Repeat the entries that follow from start to finish, keeping every character.

> [The data]
=== Begin Enclosure ===

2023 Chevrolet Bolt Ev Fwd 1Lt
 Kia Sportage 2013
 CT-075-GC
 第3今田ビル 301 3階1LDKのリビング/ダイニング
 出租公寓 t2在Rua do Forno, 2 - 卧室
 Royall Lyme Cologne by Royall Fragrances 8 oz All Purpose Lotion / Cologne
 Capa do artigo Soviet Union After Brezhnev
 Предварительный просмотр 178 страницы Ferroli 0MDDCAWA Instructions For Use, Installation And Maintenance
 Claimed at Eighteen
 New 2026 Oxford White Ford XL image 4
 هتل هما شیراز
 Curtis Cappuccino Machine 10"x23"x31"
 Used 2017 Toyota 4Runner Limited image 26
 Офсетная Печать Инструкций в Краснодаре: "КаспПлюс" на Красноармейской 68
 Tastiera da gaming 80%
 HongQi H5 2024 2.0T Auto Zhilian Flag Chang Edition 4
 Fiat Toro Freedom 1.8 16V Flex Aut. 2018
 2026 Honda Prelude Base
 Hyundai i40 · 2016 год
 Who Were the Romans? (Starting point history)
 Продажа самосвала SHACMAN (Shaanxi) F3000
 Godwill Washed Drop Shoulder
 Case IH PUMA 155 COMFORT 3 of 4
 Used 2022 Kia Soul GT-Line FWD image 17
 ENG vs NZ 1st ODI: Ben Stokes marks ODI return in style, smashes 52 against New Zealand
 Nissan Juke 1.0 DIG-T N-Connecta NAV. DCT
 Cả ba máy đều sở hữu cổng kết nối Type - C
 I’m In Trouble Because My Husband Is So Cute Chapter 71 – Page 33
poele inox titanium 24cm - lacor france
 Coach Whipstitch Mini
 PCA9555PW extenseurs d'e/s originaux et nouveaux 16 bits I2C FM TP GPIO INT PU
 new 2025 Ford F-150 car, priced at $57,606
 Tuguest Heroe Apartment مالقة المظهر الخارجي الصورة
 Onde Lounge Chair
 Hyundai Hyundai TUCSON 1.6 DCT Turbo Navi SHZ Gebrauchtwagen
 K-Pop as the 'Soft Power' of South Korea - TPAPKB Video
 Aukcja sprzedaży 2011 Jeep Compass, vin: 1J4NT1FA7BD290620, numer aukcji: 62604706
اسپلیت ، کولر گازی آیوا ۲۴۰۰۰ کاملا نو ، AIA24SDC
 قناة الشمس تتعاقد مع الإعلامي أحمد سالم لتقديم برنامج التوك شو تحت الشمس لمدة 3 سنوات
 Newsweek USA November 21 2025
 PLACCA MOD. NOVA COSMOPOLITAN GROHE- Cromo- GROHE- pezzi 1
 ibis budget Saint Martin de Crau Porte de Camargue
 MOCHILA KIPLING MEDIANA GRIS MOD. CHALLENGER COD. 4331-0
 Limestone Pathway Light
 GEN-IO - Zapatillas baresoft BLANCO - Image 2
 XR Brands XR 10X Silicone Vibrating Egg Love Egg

=== End Enclosure ===

> [Task solution]
2023 Chevrolet Bolt Ev Fwd 1Lt
 Kia Sportage 2013
 CT-075-GC
 第3今田ビル 301 3階1LDKのリビング/ダイニング
 出租公寓 t2在Rua do Forno, 2 - 卧室
 Royall Lyme Cologne by Royall Fragrances 8 oz All Purpose Lotion / Cologne
 Capa do artigo Soviet Union After Brezhnev
 Предварительный просмотр 178 страницы Ferroli 0MDDCAWA Instructions For Use, Installation And Maintenance
 Claimed at Eighteen
 New 2026 Oxford White Ford XL image 4
 هتل هما شیراز
 Curtis Cappuccino Machine 10"x23"x31"
 Used 2017 Toyota 4Runner Limited image 26
 Офсетная Печать Инструкций в Краснодаре: "КаспПлюс" на Красноармейской 68
 Tastiera da gaming 80%
 HongQi H5 2024 2.0T Auto Zhilian Flag Chang Edition 4
 Fiat Toro Freedom 1.8 16V Flex Aut. 2018
 2026 Honda Prelude Base
 Hyundai i40 · 2016 год
 Who Were the Romans? (Starting point history)
 Продажа самосвала SHACMAN (Shaanxi) F3000
 Godwill Washed Drop Shoulder
 Case IH PUMA 155 COMFORT 3 of 4
 Used 2022 Kia Soul GT-Line FWD image 17
 ENG vs NZ 1st ODI: Ben Stokes marks ODI return in style, smashes 52 against New Zealand
 Nissan Juke 1.0 DIG-T N-Connecta NAV. DCT
 Cả ba máy đều sở hữu cổng kết nối Type - C
 I’m In Trouble Because My Husband Is So Cute Chapter 71 – Page 33
poele inox titanium 24cm - lacor france
 Coach Whipstitch Mini
 PCA9555PW extenseurs d'e/s originaux et nouveaux 16 bits I2C FM TP GPIO INT PU
 new 2025 Ford F-150 car, priced at $57,606
 Tuguest Heroe Apartment مالقة المظهر الخارجي الصورة
 Onde Lounge Chair
 Hyundai Hyundai TUCSON 1.6 DCT Turbo Navi SHZ Gebrauchtwagen
 K-Pop as the 'Soft Power' of South Korea - TPAPKB Video
 Aukcja sprzedaży 2011 Jeep Compass, vin: 1J4NT1FA7BD290620, numer aukcji: 62604706
اسپلیت ، کولر گازی آیوا ۲۴۰۰۰ کاملا نو ، AIA24SDC
 قناة الشمس تتعاقد مع الإعلامي أحمد سالم لتقديم برنامج التوك شو تحت الشمس لمدة 3 سنوات
 Newsweek USA November 21 2025
 PLACCA MOD. NOVA COSMOPOLITAN GROHE- Cromo- GROHE- pezzi 1
 ibis budget Saint Martin de Crau Porte de Camargue
 MOCHILA KIPLING MEDIANA GRIS MOD. CHALLENGER COD. 4331-0
 Limestone Pathway Light
 GEN-IO - Zapatillas baresoft BLANCO - Image 2
 XR Brands XR 10X Silicone Vibrating Egg Love Egg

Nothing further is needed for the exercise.